Tara dei sette mari

Svelare la vita segreta degli oceani per capire come respira il pianeta. E’ questa la missione di Tara Oceans, una spedizione scientifica che coinvolge più di un centinaio di ricercatori da 50 laboratori di diversi paesi. I più avventurosi di loro si avvicenderanno a bordo di uno schoop (una sorta di goletta) che in tre anni farà il giro del mondo sondando tutti gli oceani per raccogliere dati fisici, chimici, biologici da mettere a disposizione della comunità scientifica mondiale che cerca di comprendere il funzionamento della macchina climatica.

Perché cercare nel mare la soluzione agli enigmi del clima? La risposta è presto detta: gli oceani sono il secondo polmone della Terra. E’ lì che finisce metà dell’anidride carbonica immessa nell’atmosfera ed è lì che si produce metà dell’ossigeno che respiriamo. Al lavoro, con la fotosintesi e altri processi biochimici, miliardi di organismi microscopici: virus, batteri e una sterminata varietà di esseri unicellulari genericamente raccolti sotto il nome di protisti ancora in gran parte sconosciuti alla scienza. Tara Oceans vuole colmare questa lacuna. Gli esperimenti in programma spaziano dall’oceanografia alla genomica, dalla bioinformatica all’imaging ma hanno tutti come protagonista il plancton e la sua capacità di adattamento ai cambiamenti fisico-chimici dell’ambiente marino.

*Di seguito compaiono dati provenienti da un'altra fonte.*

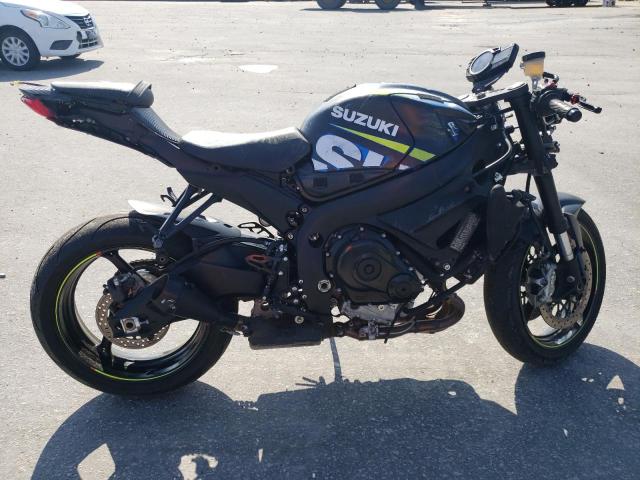2016 SUZUKI GSX-R600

Se si pensa che gli oceani ricoprono due terzi della superficie del pianeta e che un millilitro di acqua di mare contiene mediamente un milione di batteri e dieci volte tanto di virus, si comprende l’eccitazione dei biologi impegnati nell’impresa, dalla quale ci si attende la scoperta di migliaia di nuove specie marine. La barca a vela, reduce da una spedizione polare sulle orme di Nansen, ha subito un profondo restyling per adeguarsi alla navigazione in climi caldi e alle esigenze della ricerca oceanografica. Ora dispone di apparecchiature avanzate per il campionamento e l’acquisizione di dati che gli consentiranno di sfruttare al meglio le otto ore di sosta previste dal programma ogni 16 di navigazione. In tutto circa 300 stazioni di rilevamento lungo una rotta di 150.000 chilometri che in tre anni attraverserà tutti gli oceani.

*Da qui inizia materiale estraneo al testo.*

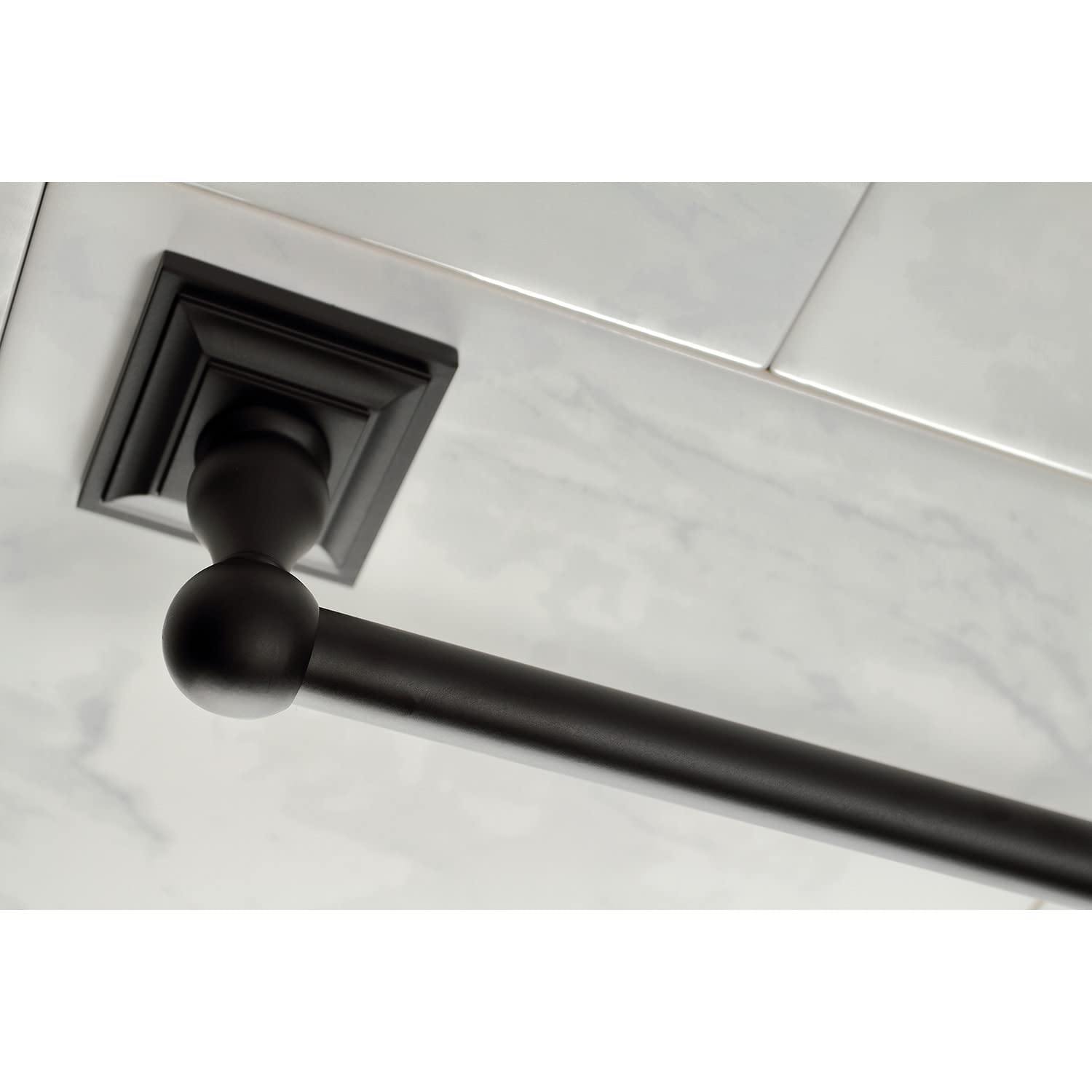 Kingston Brass BAHK3212478C 5-Piece Bathroom Accessory Set  Polished Chrome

Una volta stabilito il punto del rilevamento, sulla scorta di indicazioni satellitari, entrerà in campo il CTD (conductivity-temperature – depth profiler), lo strumento chiave di tutta la missione. Un gioiello tecnologico che combina insieme una telecamera volumetrica, vari sensori fisico-chimici e un sistema per la raccolta automatica di campioni di acqua marina a diverse profondità. “Registrando dati e catturando immagini fino a 2.000 metri di profondità, il CTD ci permetterà di studiare da vicino la struttura fisica, chimica e biologica di una colonna d’acqua e le relazioni di interdipendenza tra i diversi organismi planctonici”, spiega senza nascondere l’entusiasmo Gaby Gorsky, ricercatore del Cnrs e responsabile dello strumento. Un sofisticato sistema di imaging consentirà l’elaborazione dei dati non appena issata a bordo la sonda. Nel frattempo, altri ricercatori lavoreranno alacremente alla preparazione dei campioni, filtrandoli e selezionandoli secondo le diverse esigenze di ricerca. Un lavoro delicato e da svolgere in fretta: se non opportunamente trattato, in poche ore il plancton si degrada e non è più utilizzabile. Impacchettati ed etichettati, i reperti saranno tenuti in frigorifero e spediti ogni sette giorni ai laboratori sulla terra ferma per essere studiati.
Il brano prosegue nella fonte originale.